The wine cellar also contains the master’s shower.  This is a really interesting contraption. State of the art at the time, it took two people to work it while the master bathed. One slave filled the lower tank with water. Then a slave pumped the water to an overhead cistern. The bather then pulled a chain to release the water.
The main floor contains the homes main entrance and reception area, the ladies drawing room, men’s drawing room, master bedroom, children’s bedroom, boudoir, green sitting room, grey sitting room and bedroom for the oldest son and a large porch facing the Mississippi.  

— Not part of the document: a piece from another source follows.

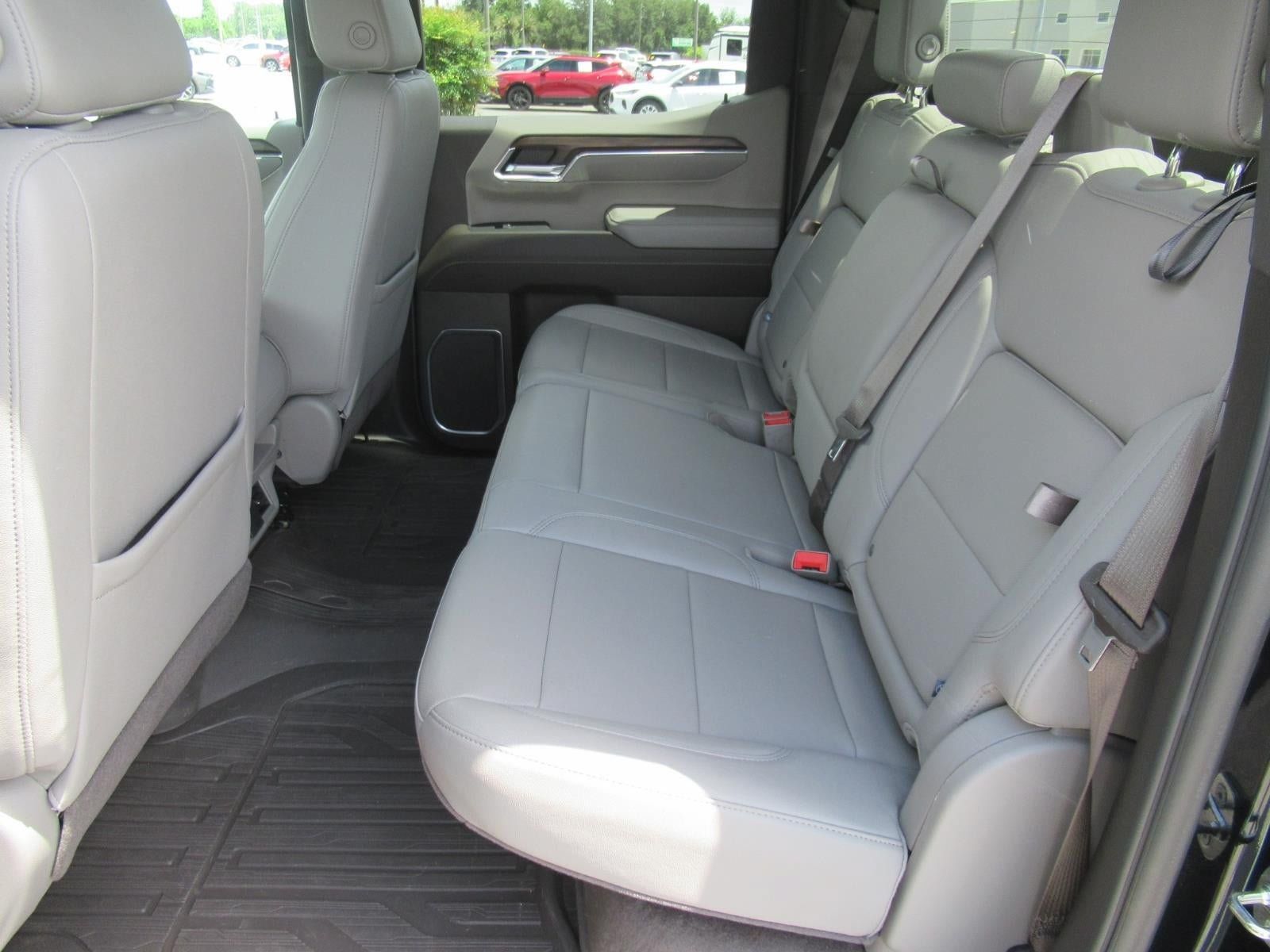 Used 2024 GMC Sierra 1500 SLT AWD/4WD image 35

The green sitting room includes a table with a petticoat mirror under it. Ladies would use this mirror to check to be sure their ankles or petticoat were not showing.  In the day, an ankle was VERY titillating.
The boudoir was used as a birthing room. Once the baby was delivered, mother and child remained in the room for six weeks to ensure the baby was not exposed to anything.  The ceiling in the boudoir has cherubs painted on it. The skin color is quite dark and the faces are those of adults not infants.  The effect is very odd.
The grey sitting room includes a “fainting couch.”  I’ve heard the term many times but never understood its use until the tour.  Fashion dictated that ladies have tiny waists. To achieve that, ladies had their lower ribs removed.  Then they wore a corset.  These corsets were laced so tight that ladies would sometimes have trouble breathing. At San Francisco Plantation ladies would retreat to the grey room where a maid would undo the laces on the corset.  This would allow blood to rush to the lower extremities causing the lady to faint on the couch!

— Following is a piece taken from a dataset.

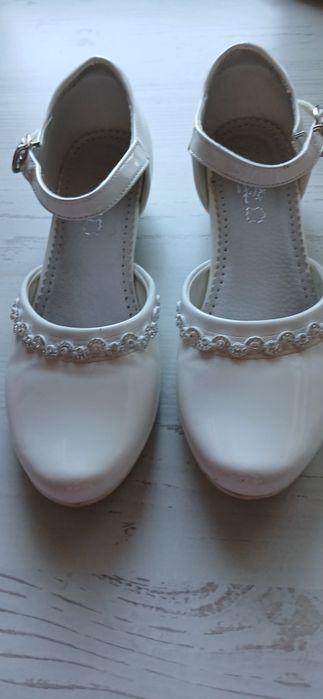 Buty komunijne roz.38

The ladies drawing room is painted a brilliant light purple.  The room is elaborately decorated with decorative painting on the walls, ceilings and fireplace mantle.

The room contains a courting chair. This allowed the young couple to sit beside each other, but facing in different directions. When a young man came courting the couple was always chaperoned.  Mother sat in the room feigning knitting or reading while ease dropping on the couple. The room also contains a mirror strategically placed so that father could sit across the hall in the men’s sitting room and also keep an eye on the couple. Courting candles were used to set boundaries for his daughter. When the daughter's suitor came calling, the father would light the courting the candle. When the candle burnt to the metal at the top of the candle holder, it was time for the suitor to promptly leave. However, the father could change the height of the candle based on how comfortable he felt about the suitor.

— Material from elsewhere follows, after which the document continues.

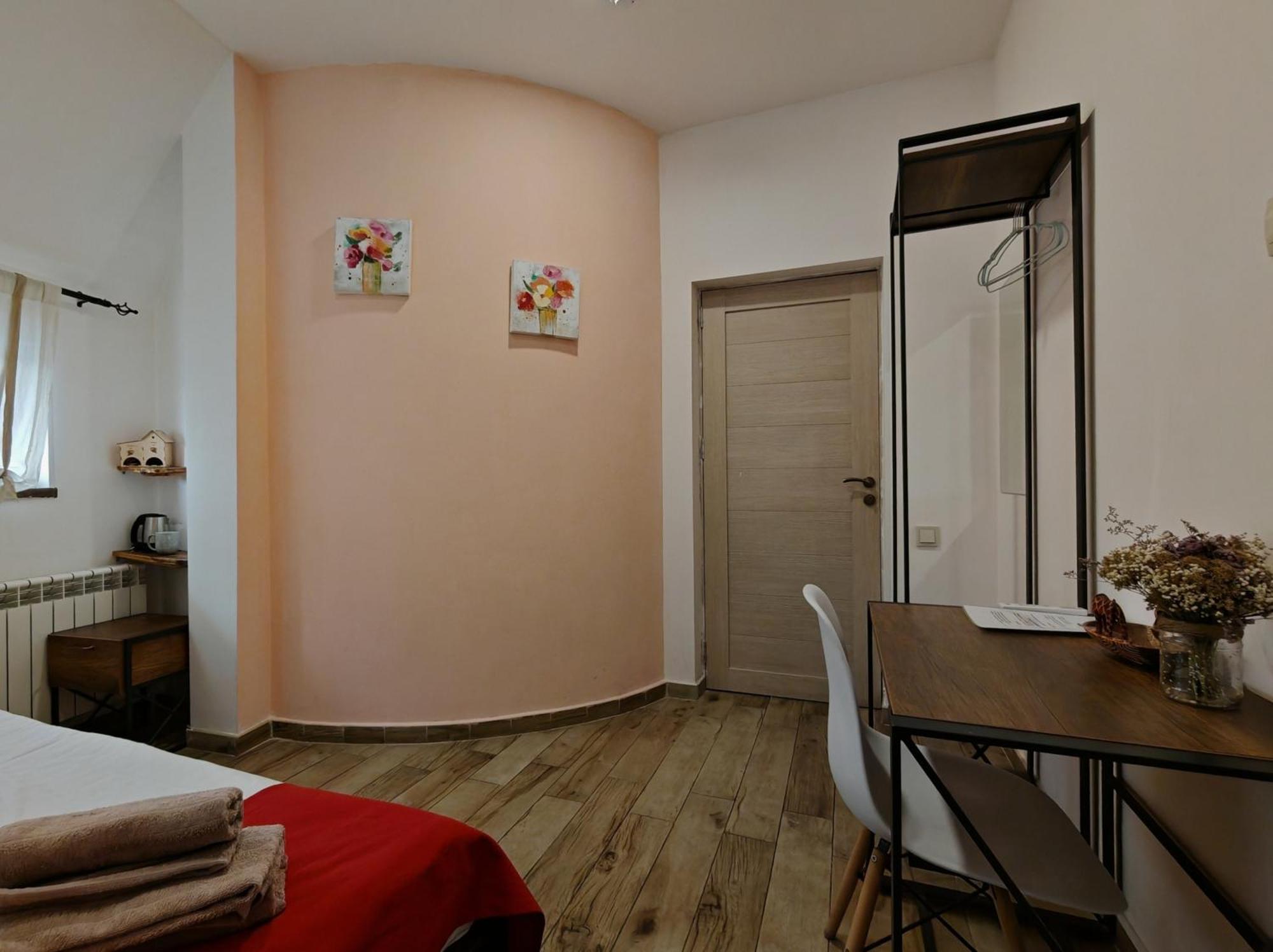 Blur Inn Gallery 耶烈万 外观 照片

The most interesting thing about the main floor is that many of the rooms are formed by LARGE folding doors.  When all the doors are open and the furniture is removed the space can be used as a ballroom. Since the walls are not really fixed and load bearing walls there are numerous cast iron Corinthian columns that support the third floor, roof and widows walk.

The third floor is a REALLY HUGE attic enclosed with shutters. Every day during warm weather servants would go up in the attic and open all the shutters to allow a cool breeze from the river to flow through the house.
The house was eventually abandoned and remained empty for 40 years. In 1973 the plantation was purchased by a local oil company who deeded a small plot of land and the house to the San Francisco Plantation Foundation. After several years of research the oil company underwrote $2,000,000 to restore the house to its former glory.

1 comment:

  1. Thanks for the history lesson Laura, we did not get to the Plantations while there. Glad you are able to get out for awhile to see some sights!